Desde cedinho na vida, uns mais,
outros menos, começamos a levar ferro (metros). Depois disso começamos a levar
ferro (rios enferrujados de ferros, pesadas toneladas de ferro, terabytes do
mais abstrato, do mais puro ferro que jaz sob a floresta tropical nas minas do
Pará) logo de manhã cedo. Ferro que não termina nunca, ferro que abasteceria os
chinas por uns 15 séculos sem dó nem piedade. Ferro da mais pura dureza, minha
senhora.
Então de repente ficamos grandes e,
voilà, já nem sentimos mais as ferradas na orelha nem as ferroadas nas batatas
das pernas nem as bordoadas no lombo.
Para a maioria de nós (nós, digo,
vocês aí; não me incluam nessa), nossos pais e mães cumprem o sagrado papel de
nos escaldar para os reveses da vida. Mas eis que invariavelmente acabam por
meter os pés pelas mãos, imaginando, sei lá por que cargas da água imunda que
neste instante corre pelas sarjetas das ruas do meu passado, que somos gatos e
temos sete vidas. E é assim que começam a nos treinar com desmandos
totalitários até nos acostumarmos com a arbitrariedade e a injustiça e, a
partir da adolescência, desenvolvermos um relativo conformismo para quando o
mundo iniciar a interminável bateria de chumbo grosso em cima dos seus alvos
prediletos: nós. (Sim senhora, minha senhora, nós mesmos, e eu mais que
qualquer outro.)
Muitos de nós, etc., fazemos uma
trajetória parabólica ao longo dos anos. Partimos daquele esquerdismo que
adotamos quando somos jovens ingênuos para nos estarrecermos cedo ou tarde com
a hipocrisia dos esquerdistas, os campeões no quesito.
É por essa e outras que somos
chegados numa ditadura, um cantinho paradisíaco e improvável com leis rígidas,
bem-definidas, que não nos deixem em dúvida quando quisermos pisar fora da
linha, sendo que pisar fora da linha é tudo a que alguns de nós mais
rebeldescos almejamos. (Ah, que delícia ter uma preposição à mão quando
precisamos dela.)
Que angústia nos trazem as
ambiguidades, não é mesmo? Taí uma coisa que tento entender desde que nasci e
não consegui até hoje.
Tudo bem, é jogo do Curíntia, lá
fora já tem um montão de selvagens disparando rojões a torto e direito (eis
outra coisa que não entendo: de onde o brasileiro e certas brasileiras tiram
essa repulsiva mania de obrigar seus vizinhos a participar de suas
comemorações), todo mundo e sua massagista de latinha de brama numa das mãos...
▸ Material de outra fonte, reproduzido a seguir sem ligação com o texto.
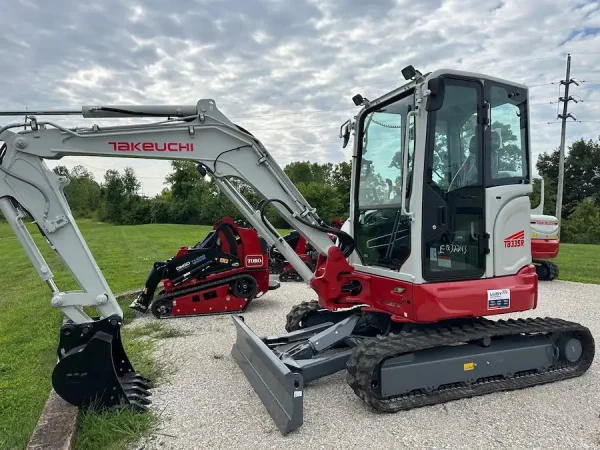 2024 Takeuchi Compact Excavator TB335R-CRA - EQ0032242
Eu também cheguei a acreditar que o
rústico e mecânico torneiro viera para abrir as janelas e arejar o eternamente
rançoso ambiente partidário brasileiro. Eis que de repente o bronco enverga um
Armani e assim do nada produz uma cartola e, troando seu vozeirão de granalha
ensandecida, exibe ao distinto público não um coelho mas uma caricatura
grotesca em sua indefinição que visivelmente mal pode conter a hostilidade
quando tenta falar querendo grunhir, quando tenta argumentar querendo
vociferar, quando tenta responder querendo voar na garganta do interlocutor,
uma sargenta-tainha assemelhada a uma senhora a quem foi dado um papel que,
pula, atira-se, salta aos olhos, não nasceu para desempenhar, um ser indefinido
até no nome que ontem era Vanda, Estela, Luíza, Vânia e/ou Patrícia, todos
soando, em que pese apelidos, mais verossímeis que esse atroz “Dilma” que da
noite para o dia veio nos perturbar os ouvidos e os olhos nos noticiários e nos
tirar o sono na cama, uma virago impiedosamente travestida de dondoca em seu
modernoso penteado de cor improvável e seus improváveis terninhos executivos,
como improvável é a máscara regularmente alisada a bisturi em que não se
vislumbram os mais remotos indícios de sapiência, sensatez, circunspeção,
cordura ou discernimento, virtudes que brasileiros sábios, sensatos,
circunspetos, cordiais e ajuizados de certo gostariam de identificar em sua
líder. Tal como Ferreira Gullar, estamos atônitos que o impossível seja possível.